Quizá por ello se ha comparado el filme con la obra de Brueghel y El Bosco. Detrás de su propuesta parece haber cierta cantinela moralista. Sin olvidar, claro está, la crítica social que, como bien sabemos, predomina en el género de la ciencia ficción. Aunque se trata de una adaptación de la novela homónima, publicada en 1964, de Arkady y Boris Strugatsky —quienes parece que con sus textos han incitado a los directores rusos a crear ese tipo de ambientes nublados, grises y lúgubres, baste citar Stalker, de Tarkovsky, y Días de eclipse, de Sokurov—, su tema no ha perdido vigencia. Si los escritores aludían con pocos tapujos a la persecución intelectual propia del totalitarismo soviético, Aleksei German, el director, quiere decirnos que, en un régimen como el de Vladímir Putin, aún tiene sentido hablar de lo mismo.
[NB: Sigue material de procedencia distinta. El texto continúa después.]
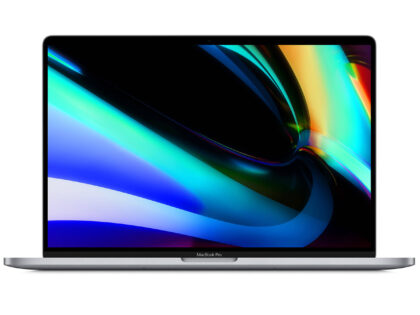 Apple MacBook Pro A2141 (16-inch, Touch Bar, 2019) – Core i7, 16GB RAM, 1TB SSD, AMD Radeon Pro 5300M (MVVJ2LL/A) in Kenya - Buy Apple Products Online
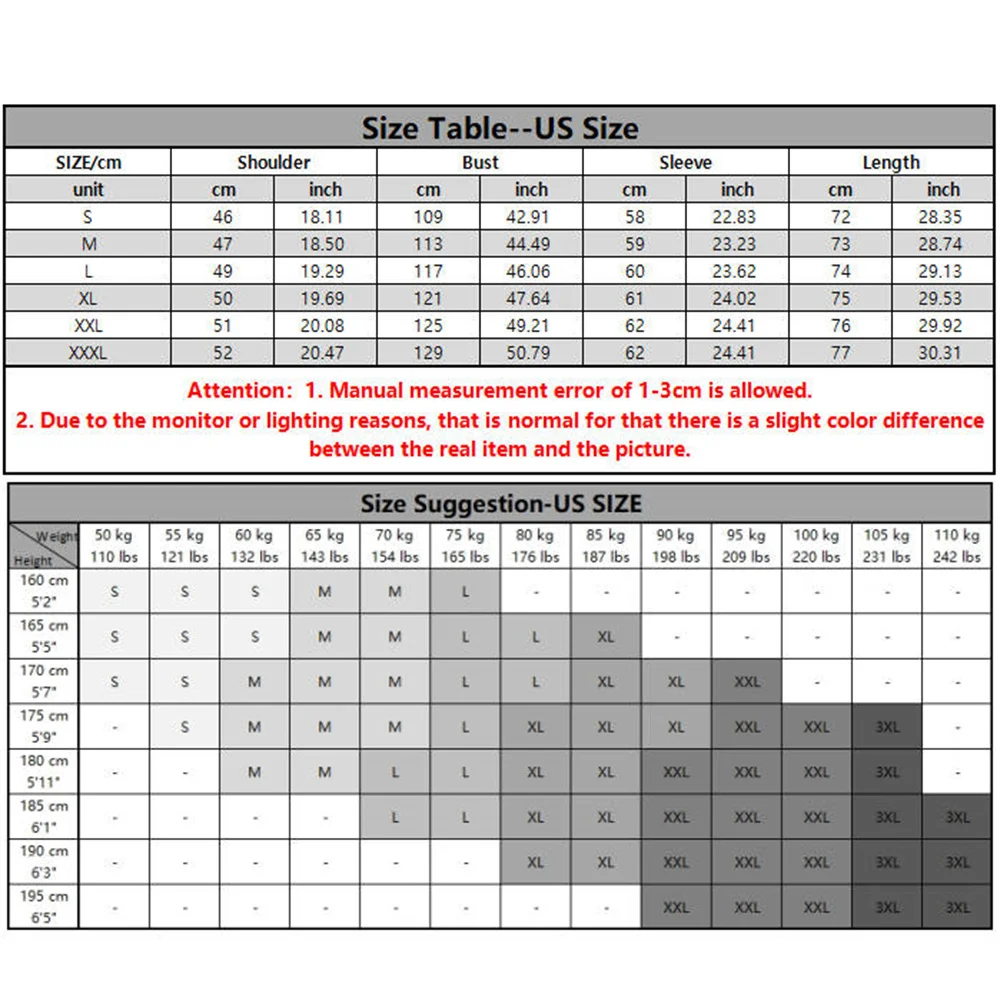 İlkbahar ve sonbahar pamuk keten gömlek erkekler sıcak satış erkek uzun kollu gömlek düz renk düğme Up rahat tarzı artı boyutu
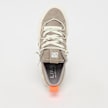 Off-White L/AB Tape taupe/white UndefinedColor 108722 5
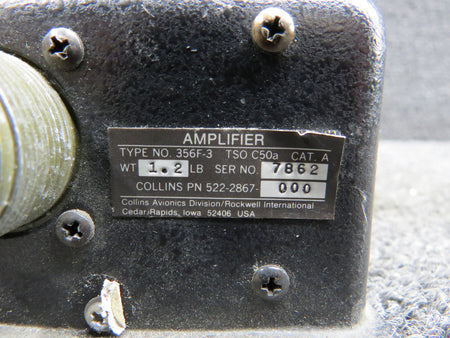 KC102423MBM19-INV96KW-V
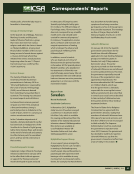 visit page 29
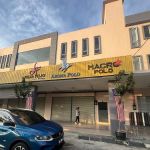 Trace Homestay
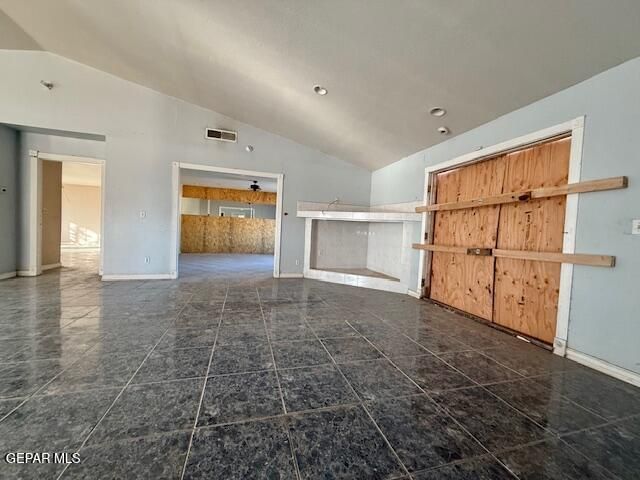 625 FRAY VARGAS Road, Socorro, TX 79927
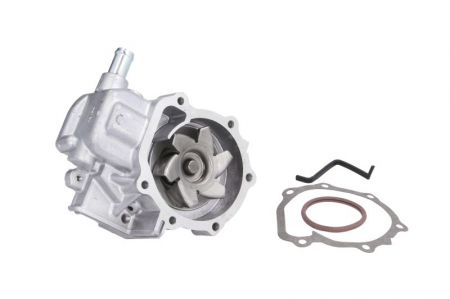 Piese Auto - Pompa apa SUBARU FORESTER, IMPREZA, LEGACY II, LEGACY IV, OUTBACK, TRIBECA 1.5-3.0 dupa 1996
A pesar de los diálogos sin sentido y la experiencia asquerosa, como nos recuerda el protagonista constantemente, la ironía y la habilidad técnica destacan a tal punto que convierten a Qué difícil es ser un dios en una joya. Y no podía ser menos, después de los catorce años que su creador tardó en casi acabarla —su hijo y esposa tuvieron que dar los últimos retoques, después de que el artista ruso muriera sin leer las críticas a su opus vitae.
La ambientación, así como el sonido —postsincronizado— son impecables; están tan logrados que dudo que muchos aguanten más de media hora, de las casi tres que dura, entre plumas, mocos, flatulencias, suciedad y mal olor. Solamente el blanco y negro dulcifica esta experiencia. Una estética de lo abyecto y de lo siniestro representada en la construcción de escenarios, en la caracterización de cada uno de los personajes y objetos que aparecen. La crudeza se pasea ante nuestros ojos en forma de animales disecados, otros que vuelan, revolotean y se posan frente a la cámara, pero también como cadáveres mutilados y caracteres estrambóticos y deformes. Como escribió Eugenio Trías, el arte contemporáneo se avecina a lo bello y a lo siniestro. Y qué mejor descripción para esta película de planos secuencia perfectos y movimientos de cámara calculados al milímetro, que se enfrenta a la claustrofobia de espacios cerrados con muchedumbres repulsivas y hacinadas entre lodo y carroña, a la presencia constante de lo escatológico.
Pese a la precisa coreografía orquestada por German, sería lícito decir que en este retrato reina lo estático, probablemente reforzado por el expresionismo actoral. Aun contando con los numerosos movimientos de cámara, y siguiendo la propuesta de Gilles Deleuze, las tomas de este mundo originario mantienen la pulsión de muerte en su propia quietud, en su descomposición. La diferencia con la tesis deleuziana es que aquí las bajas pasiones, el primitivismo, la agresividad, lo innombrable en nuestra sociedad civilizada, ya no están contenidos en un plano, en un espacio para ello, sino que se han desparramado más allá de las fronteras que los habían comprendido hasta este momento. Y lo único que queda es una musiquita diegética, con ritmos de jazz, tocada por un extrañamente artístico maestro de ceremonias que anuncia, al que haya aguantado, que el espectáculo llega a su fin.
En largos primeros planos, en planos detalle, en otros cortados y otros en segundos, suceden todo tipo de acciones inimaginables y expresiones que no dejan ni un segundo de descanso y apuntan a un novedoso desplome de la cuarta pared. Pero dos horas, tres o cuarenta minutos serían lo mismo; la idea del cineasta queda expresada de sobra. Lo que nos induce a pensar que, aparte de un reto personal, su intención fue la de sobrepasar al espectador y, en una especie de pulso entre intelectual y posmoderno, obligarlo a levantarse de su butaca.